> _DIRECTIONS_:
The lines below, from the one holding "马关苹果手机维修分享保护个人隐私" through the final line, are to be copied exactly, with no other lines and no pictures.

> _RECORDED INFORMATION_:
....................

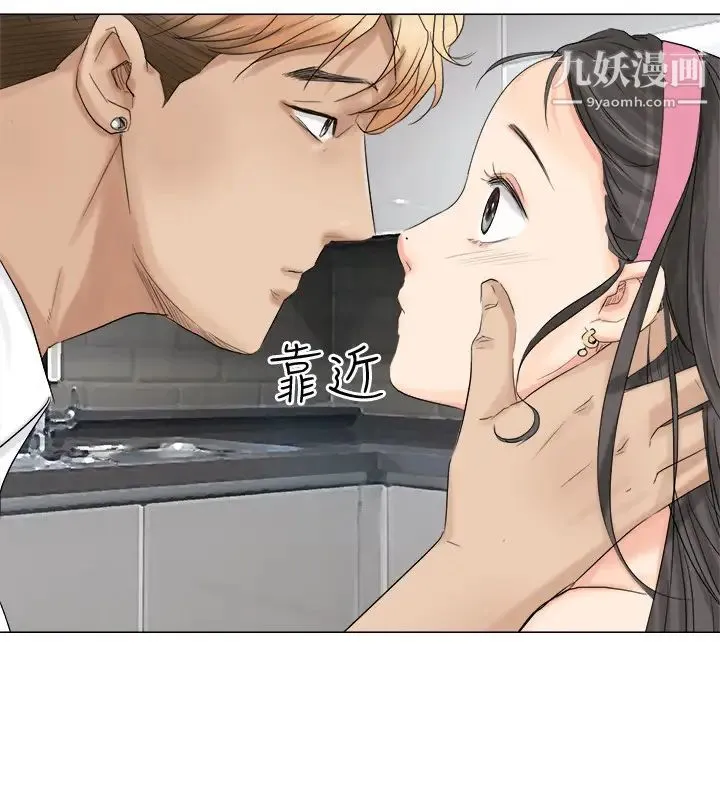 我喜欢他的女人 - 第4话-妳又不讨厌我 - page 24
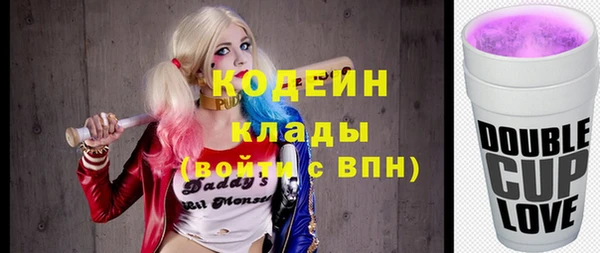 твердый Кулебаки
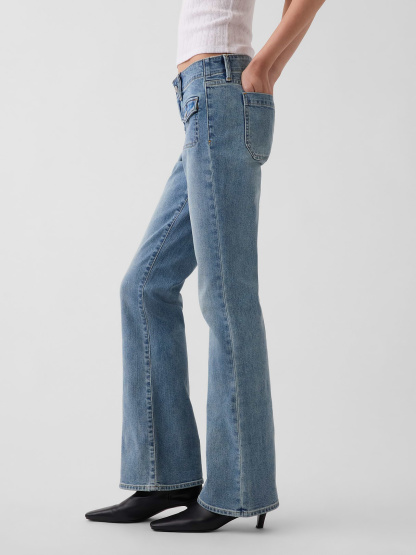 Low Rise Long & Lean Split-Hem Jeans - Light wash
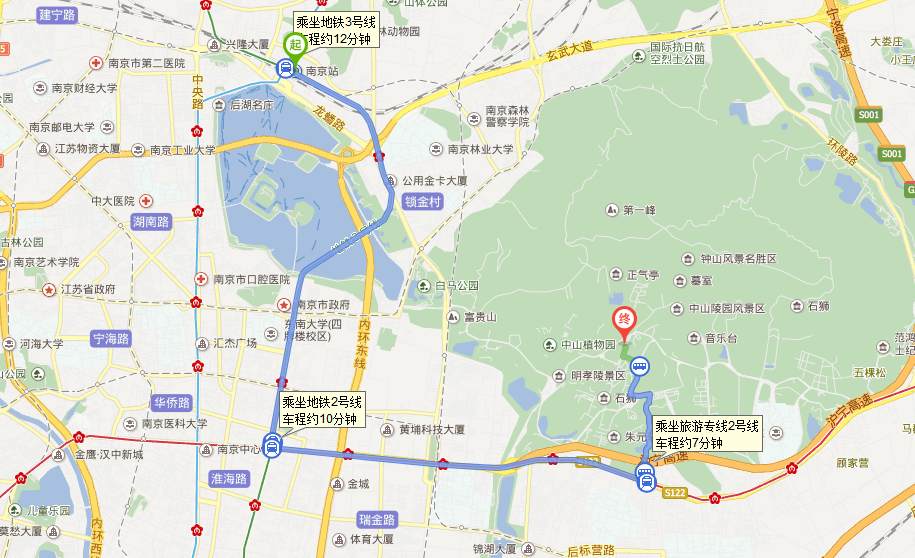 南京火车站到海底世界坐哪路公交车能到-第1张-交通-答答问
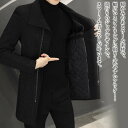 【\クーポン利用で20%OFF!/】 チェスターコート メンズ ジップ付きウールコート アウター 暖かい 秋 ブランド ウール トレンチコート 40代 ピーコート ハーフコート 軽い コート ショート 黒 ジャケット 冬 ロングコート グレンチェック ステンカラーコート 青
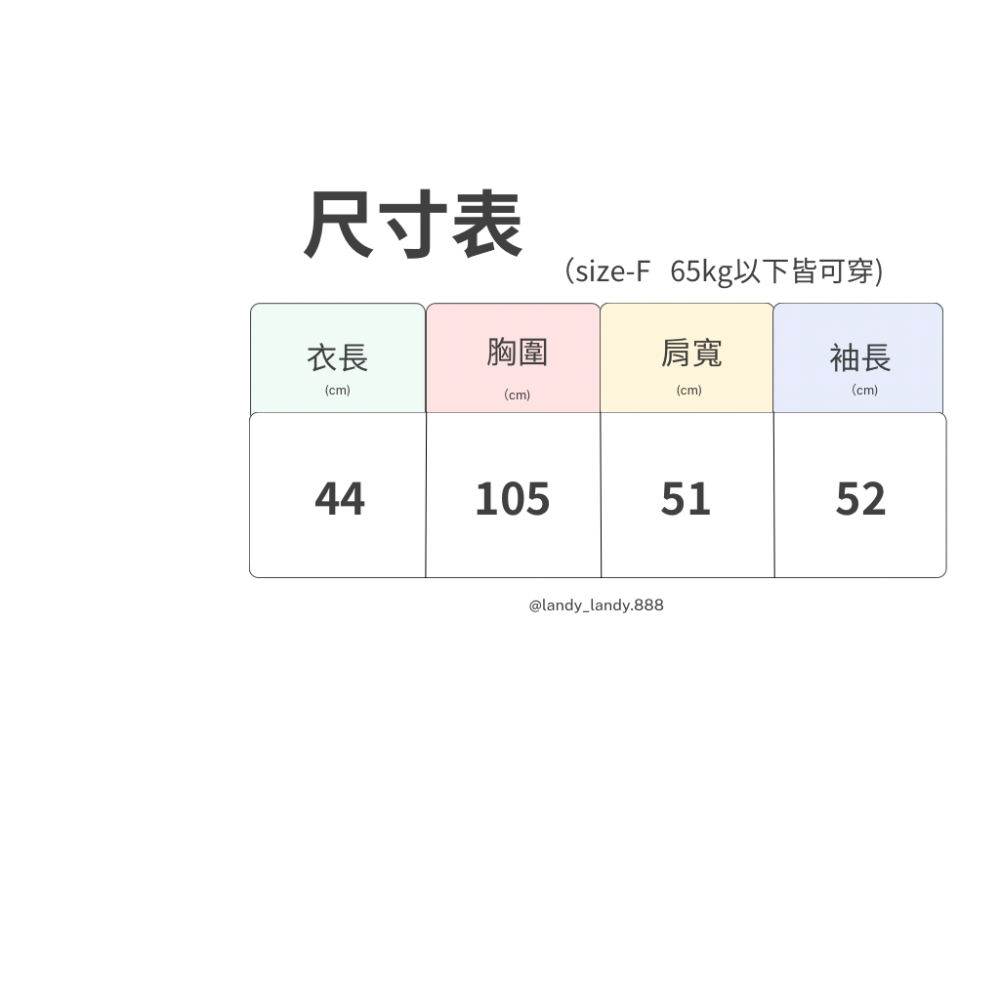 ღ 𝕃𝕒𝕟𝕕𝕪 ღ ｛現+預購｝#122 設計感針織毛衣上衣短款 别法式露肩毛衣秋冬流行款-細節圖5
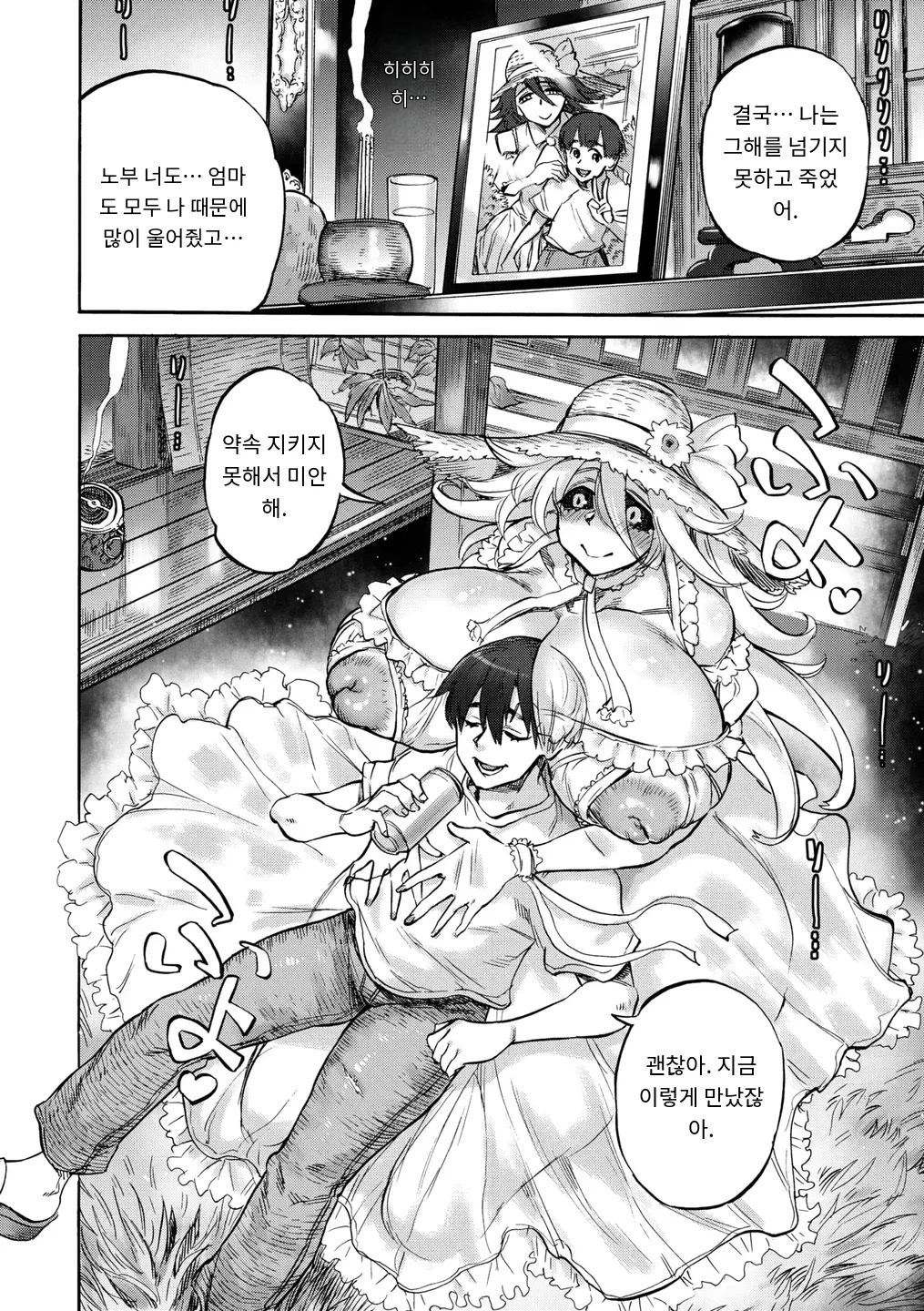 さよこの夏 page 12 full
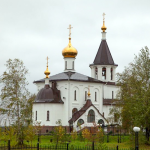 Храм Всех Святых г. Нефтеюганск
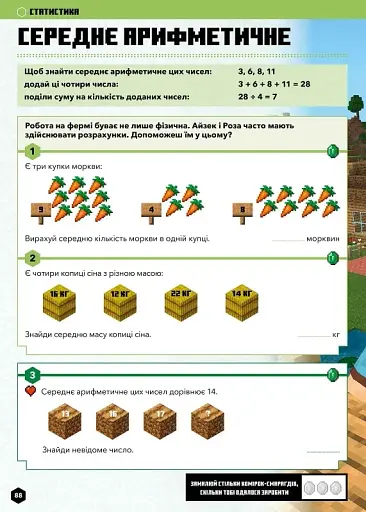 MINECRAFT Математика. Офіційний посібник. 10-11 років - фото 9
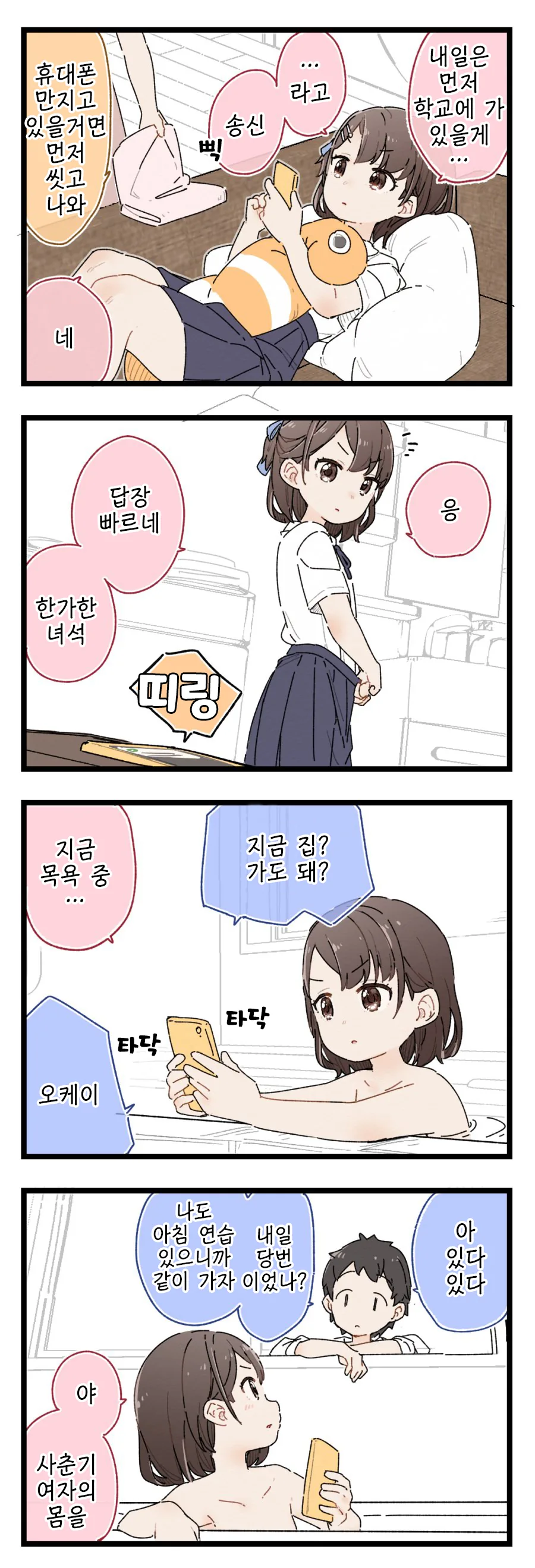 같이 등교하는 소꿉친구 만화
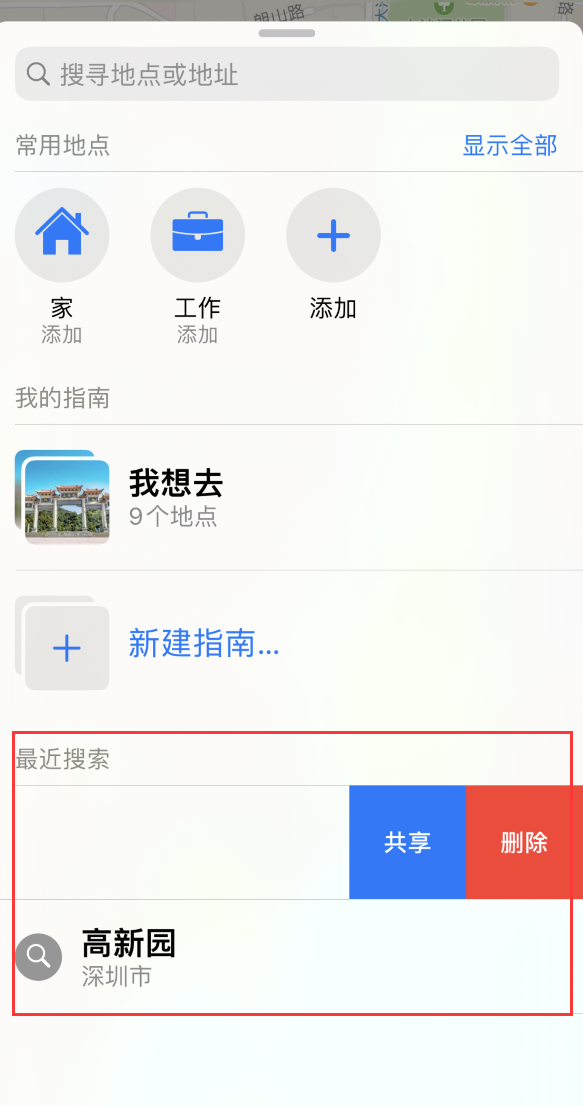马关苹果手机维修分享保护个人隐私 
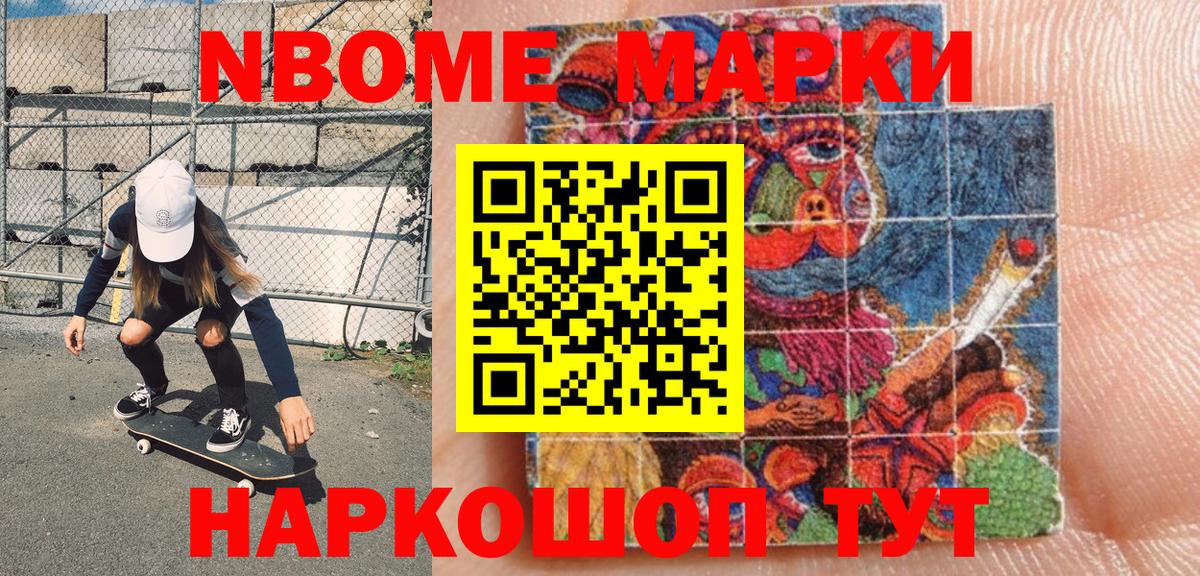 Марки NBOMe 1500мкг Кимовск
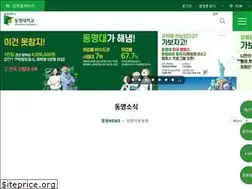 Sites similar to tu.ac.kr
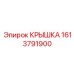 1613791900 КРЫШКА Epiroc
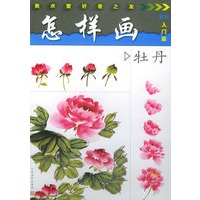 怎样画牡丹——美术爱好者之友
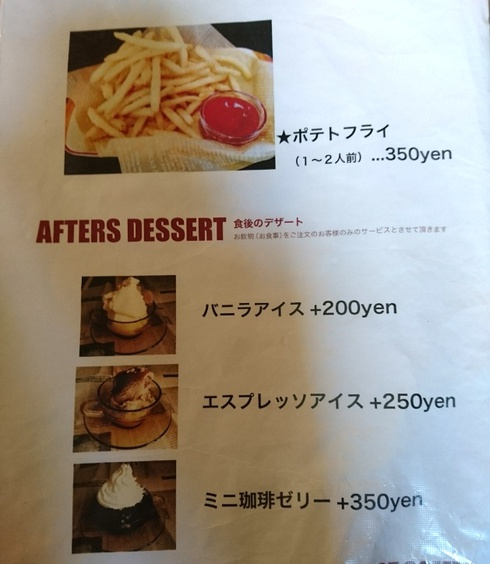 サニールートコーヒー サニールートコーヒー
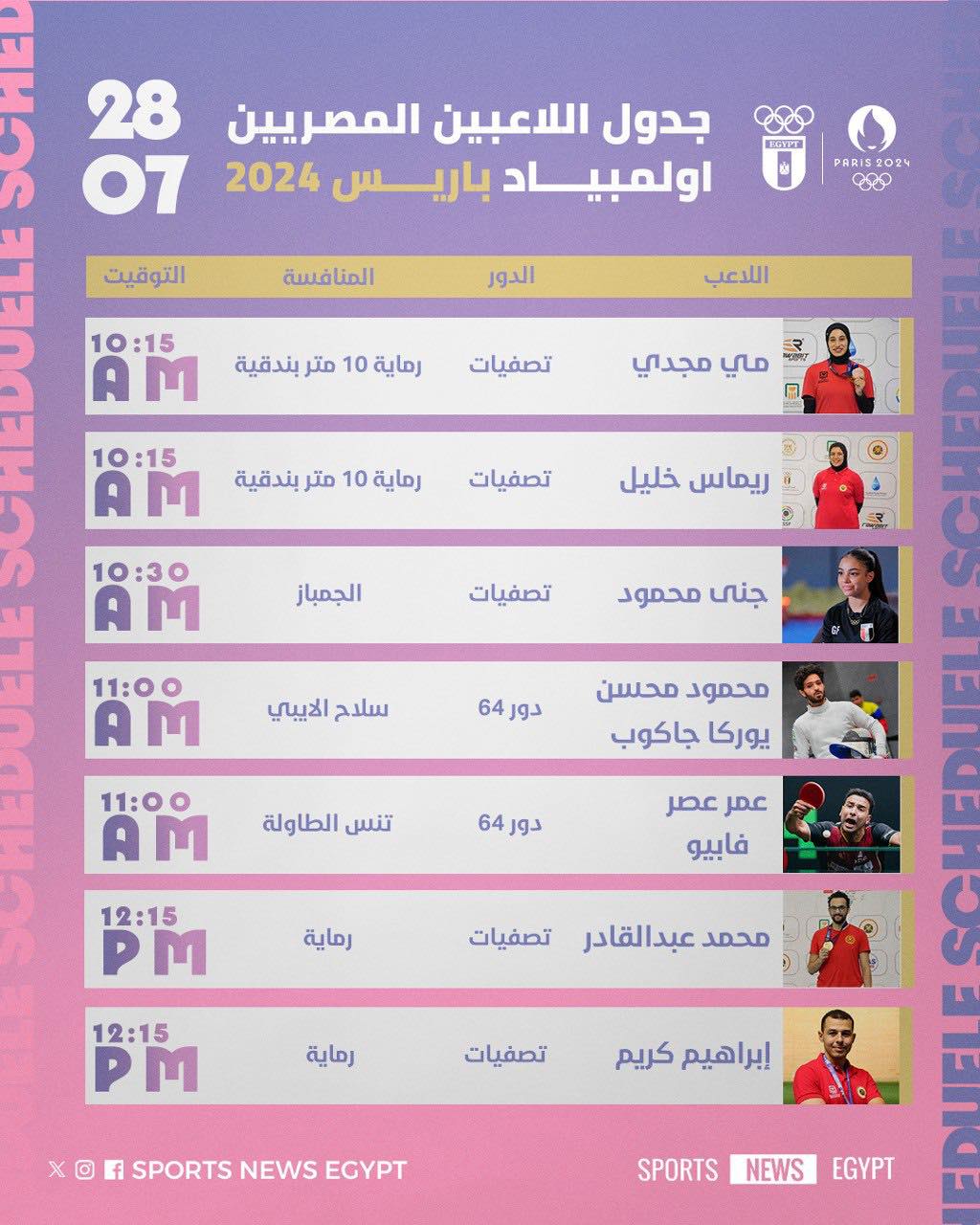جدول اليوم الثانى من الأولمبياد (1)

....................

> _ANSWER SECTION_:
马关苹果手机维修分享保护个人隐私 
 Марки NBOMe 1500мкг Кимовск
 Sites similar to tu.ac.kr
 1613791900 КРЫШКА Epiroc
 怎样画牡丹——美术爱好者之友
 サニールートコーヒー サニールートコーヒー
جدول اليوم الثانى من الأولمبياد (1)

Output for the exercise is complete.